_TASK DIRECTIONS_. Transcribe exactly the lines below that begin at the line with "คอนโดให้เช่า : คอนโด" and stop after the line with "יחידת דיור, החרמון 37, גבעת אוסישקין, נהריה", leaving out every picture.

Top of DATA EXTRACTS

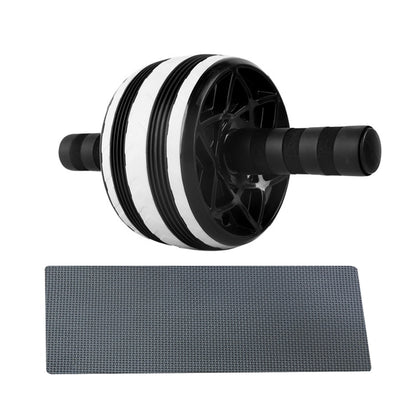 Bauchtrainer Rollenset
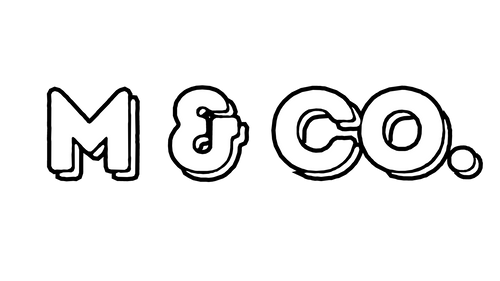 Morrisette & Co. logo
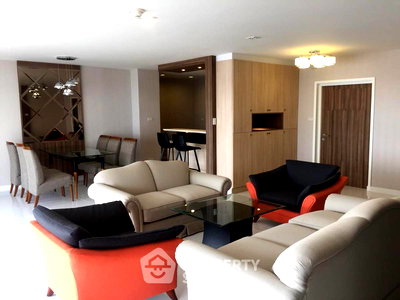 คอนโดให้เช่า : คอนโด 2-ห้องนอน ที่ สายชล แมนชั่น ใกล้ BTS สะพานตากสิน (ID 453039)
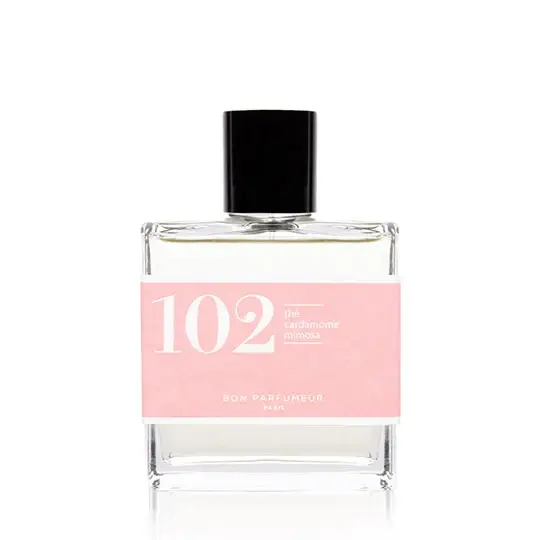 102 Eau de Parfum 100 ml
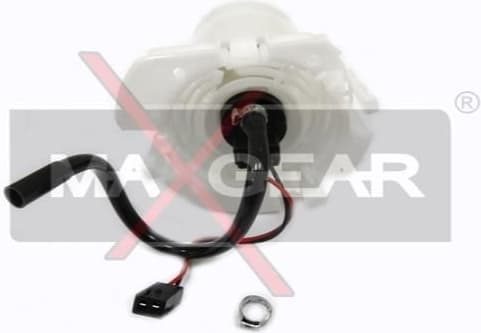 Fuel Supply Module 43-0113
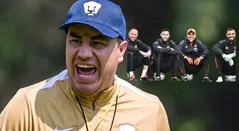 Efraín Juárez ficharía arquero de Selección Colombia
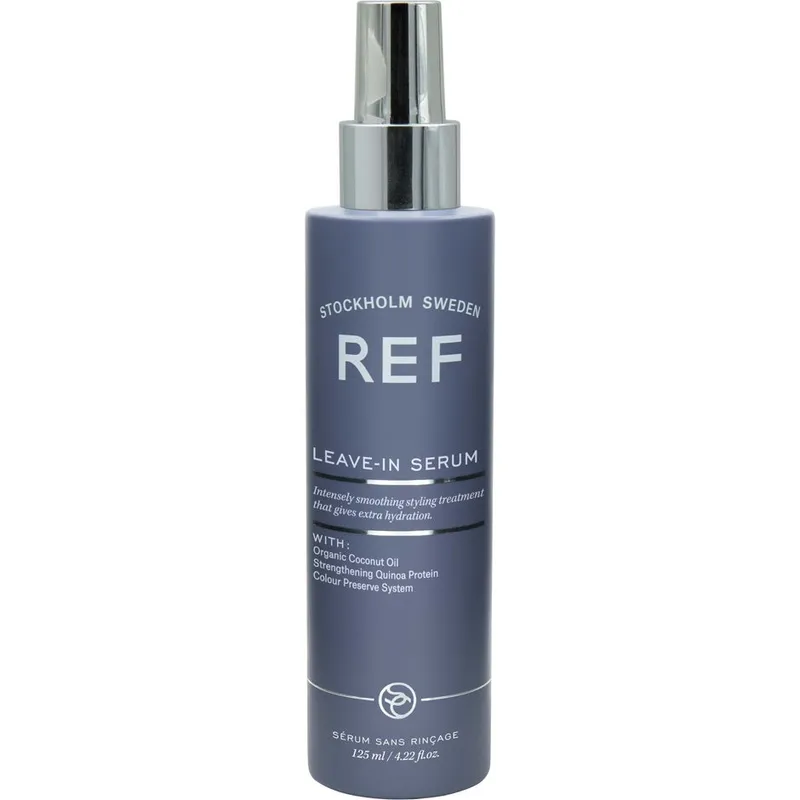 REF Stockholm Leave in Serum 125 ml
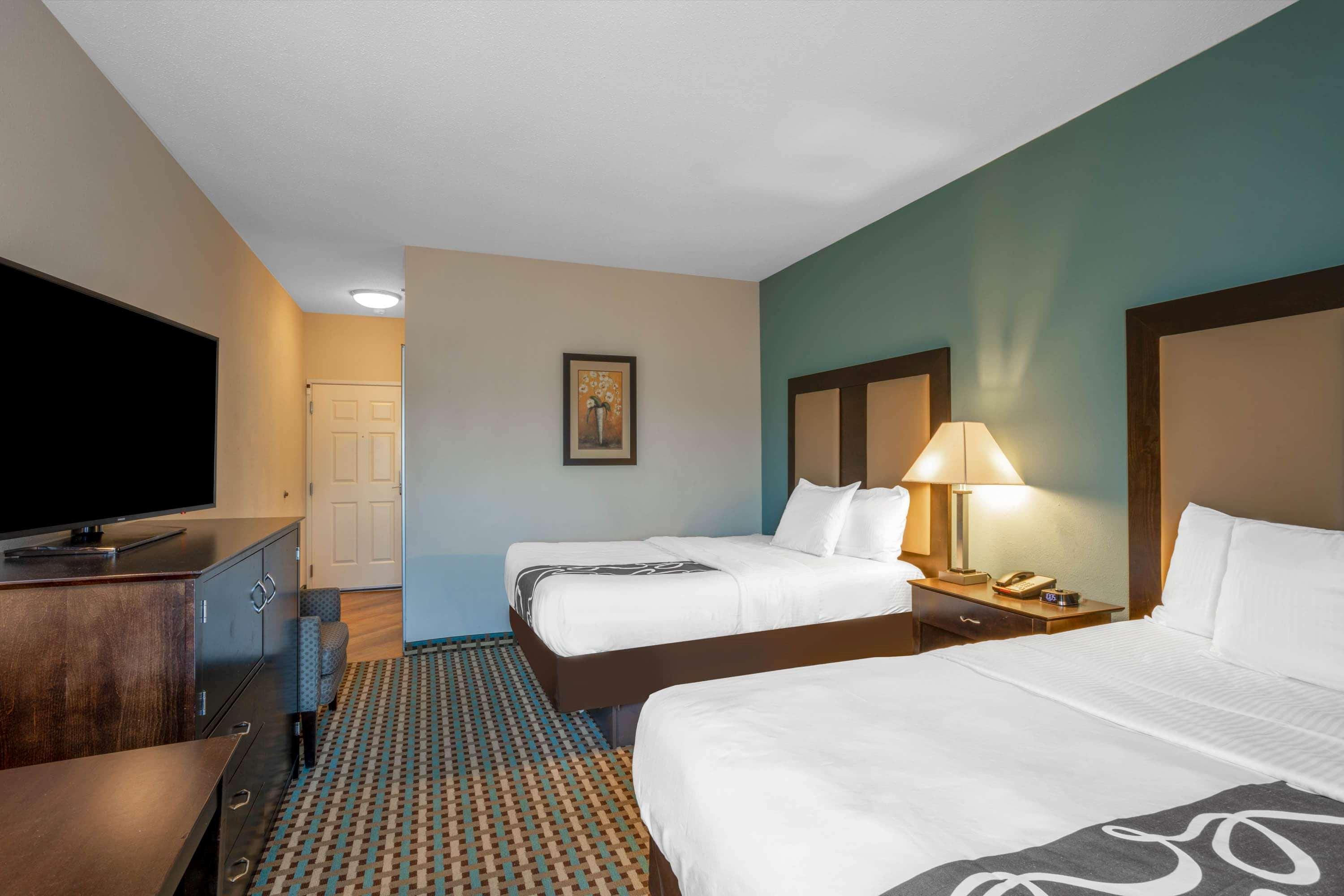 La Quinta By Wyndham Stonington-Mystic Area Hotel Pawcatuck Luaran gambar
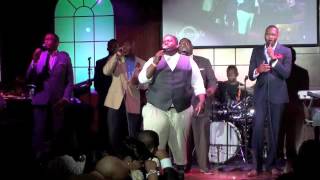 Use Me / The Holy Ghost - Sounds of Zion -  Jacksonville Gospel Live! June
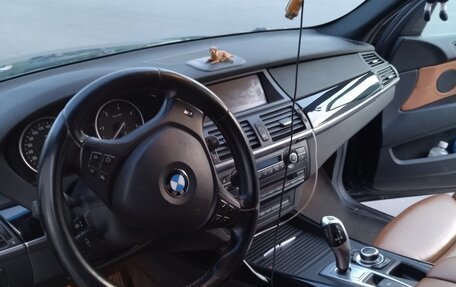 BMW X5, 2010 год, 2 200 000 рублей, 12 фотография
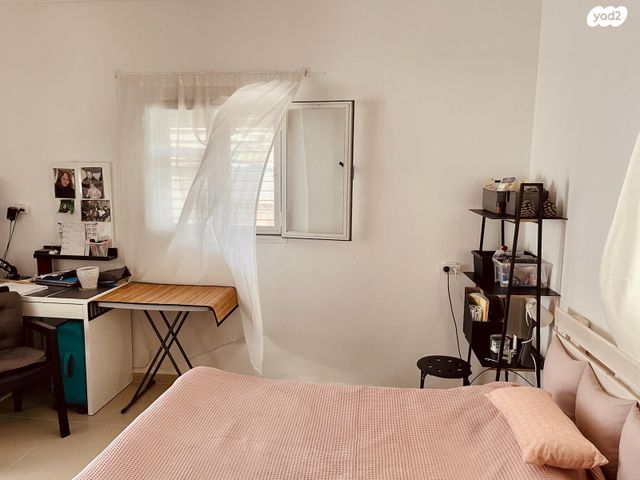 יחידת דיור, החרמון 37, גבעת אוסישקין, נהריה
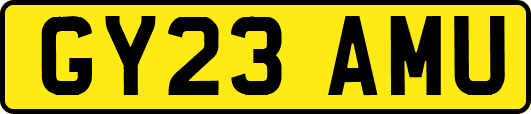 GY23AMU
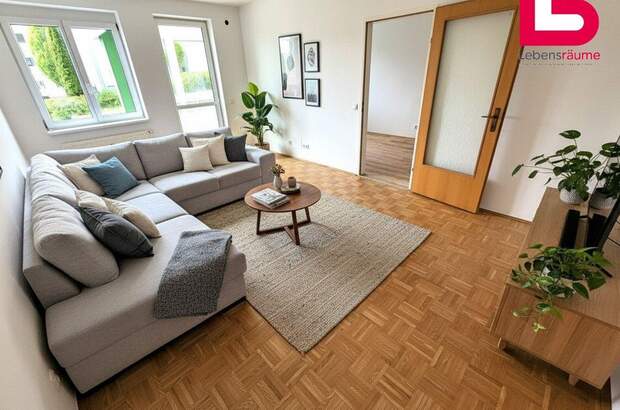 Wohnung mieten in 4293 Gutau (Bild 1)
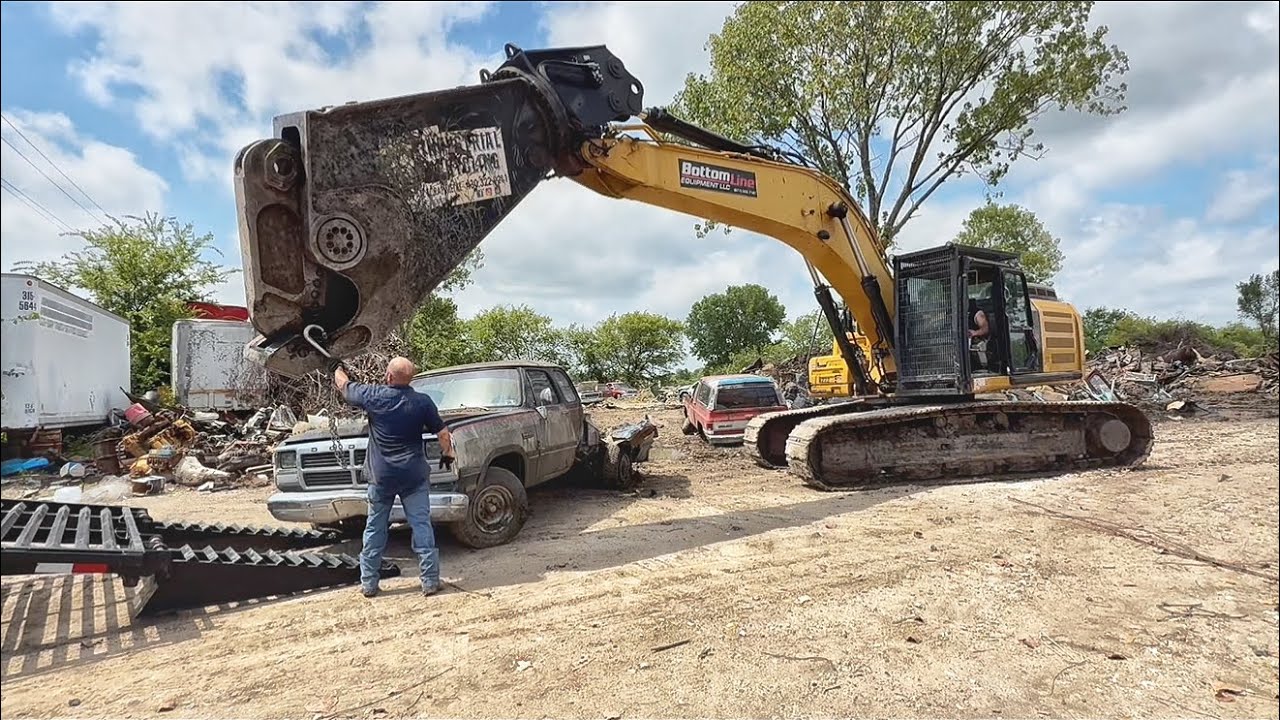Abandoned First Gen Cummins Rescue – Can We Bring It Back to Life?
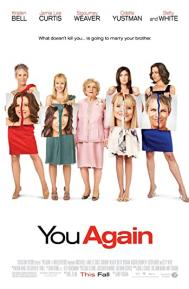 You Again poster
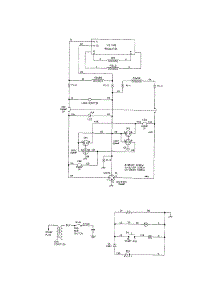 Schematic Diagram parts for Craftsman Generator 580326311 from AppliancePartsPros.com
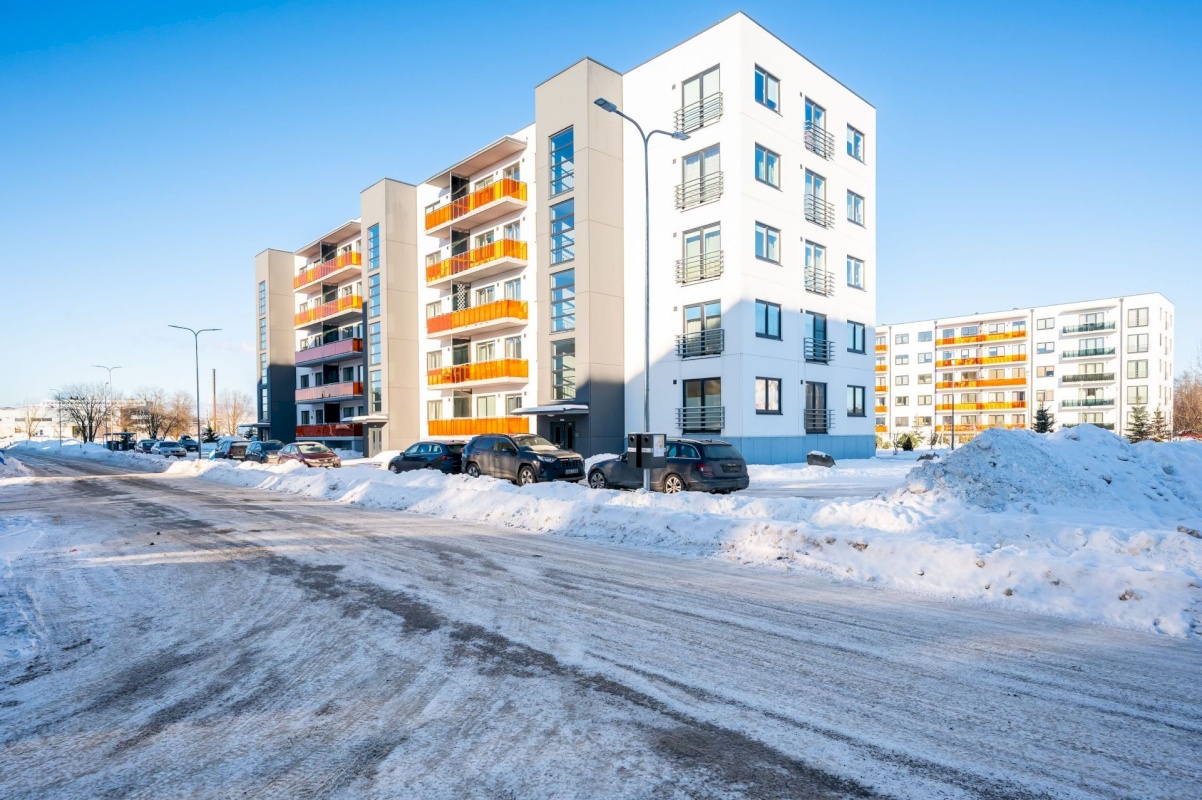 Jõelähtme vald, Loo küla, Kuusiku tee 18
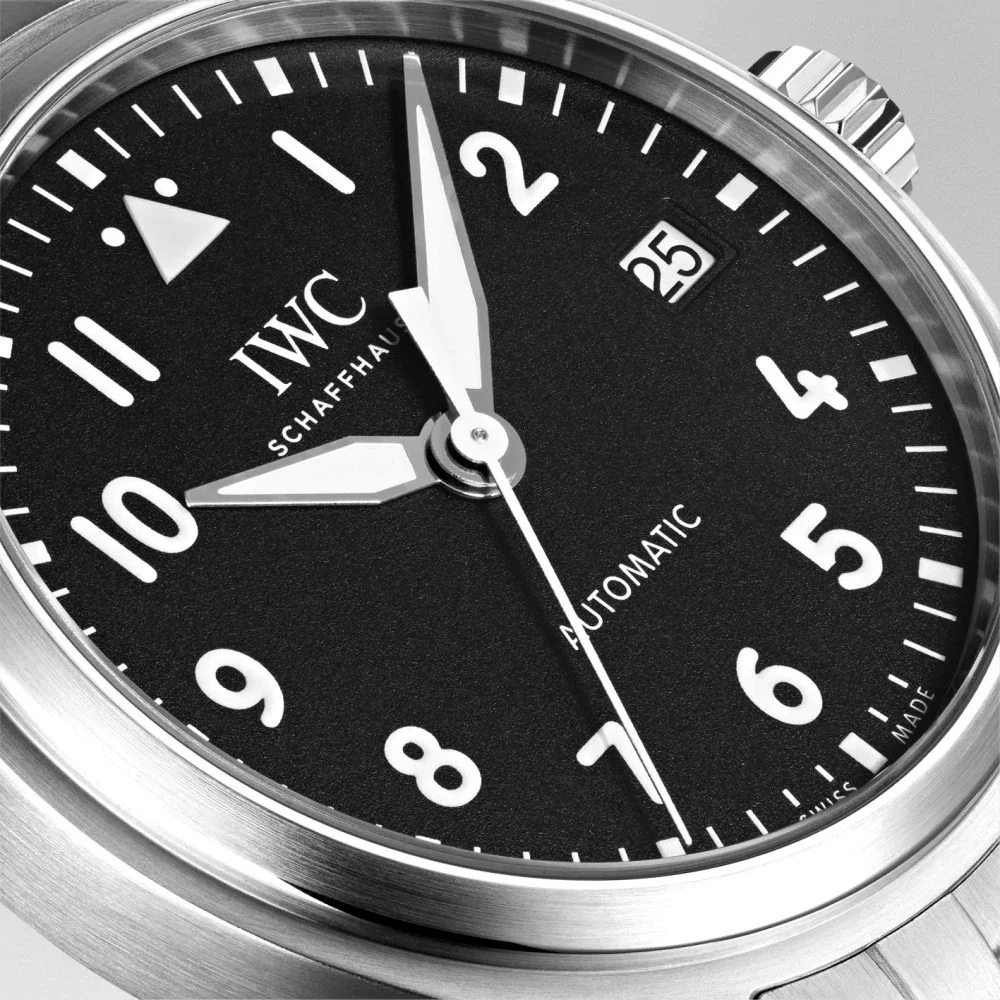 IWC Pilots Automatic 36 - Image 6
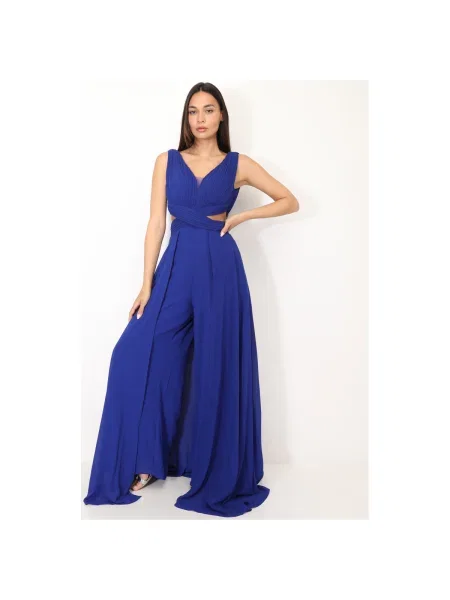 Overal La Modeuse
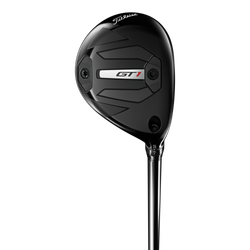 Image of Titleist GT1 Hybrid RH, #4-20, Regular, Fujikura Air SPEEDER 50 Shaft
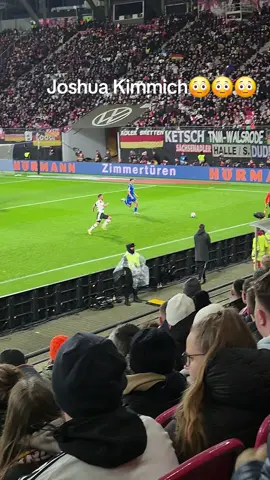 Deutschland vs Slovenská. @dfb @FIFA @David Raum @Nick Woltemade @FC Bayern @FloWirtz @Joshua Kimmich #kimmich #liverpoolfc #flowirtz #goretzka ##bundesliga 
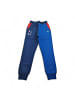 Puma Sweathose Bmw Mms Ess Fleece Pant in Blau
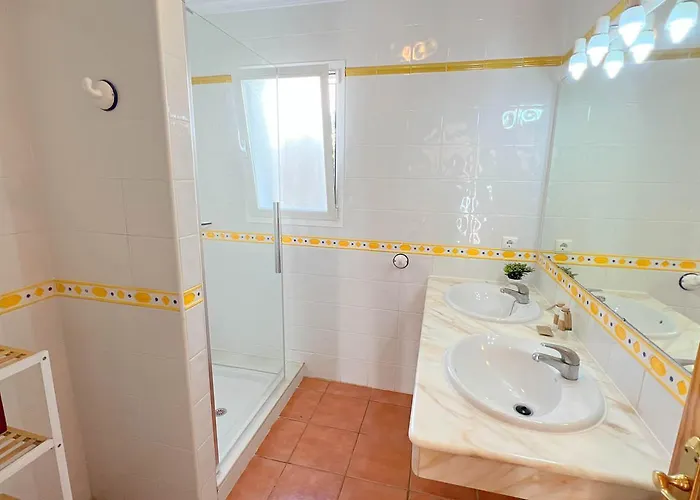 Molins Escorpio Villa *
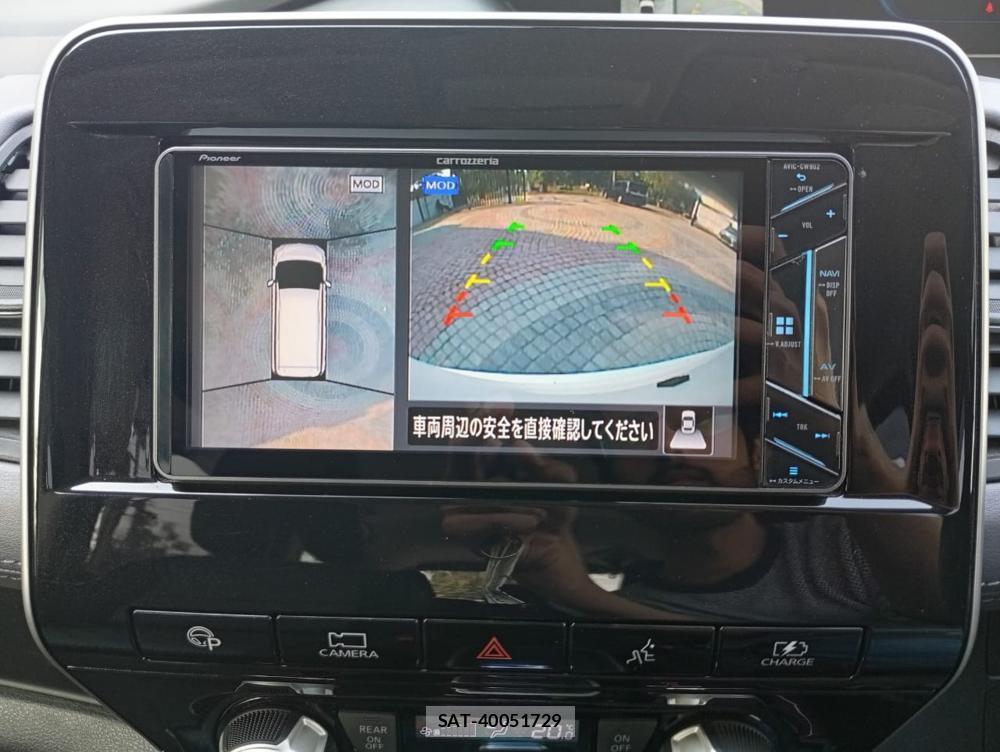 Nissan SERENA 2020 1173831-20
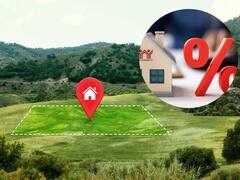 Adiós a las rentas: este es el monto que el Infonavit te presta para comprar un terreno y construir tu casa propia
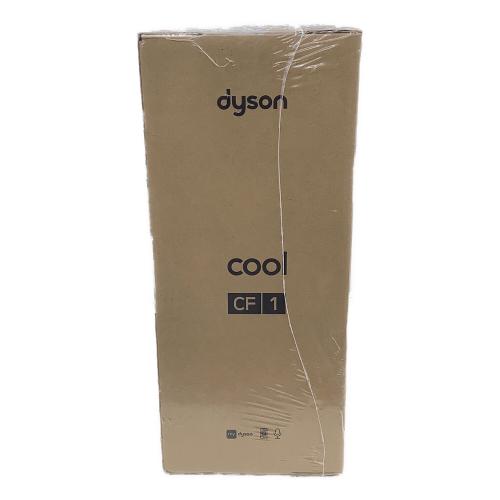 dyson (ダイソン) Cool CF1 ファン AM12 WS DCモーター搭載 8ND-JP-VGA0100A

Bottom of DATA EXTRACTS

_EXERCISE RESPONSE_.
 คอนโดให้เช่า : คอนโด 2-ห้องนอน ที่ สายชล แมนชั่น ใกล้ BTS สะพานตากสิน (ID 453039)
 102 Eau de Parfum 100 ml
 Fuel Supply Module 43-0113
 Efraín Juárez ficharía arquero de Selección Colombia
 REF Stockholm Leave in Serum 125 ml
 La Quinta By Wyndham Stonington-Mystic Area Hotel Pawcatuck Luaran gambar
 Use Me / The Holy Ghost - Sounds of Zion -  Jacksonville Gospel Live! June
 BMW X5, 2010 год, 2 200 000 рублей, 12 фотография
 יחידת דיור, החרמון 37, גבעת אוסישקין, נהריה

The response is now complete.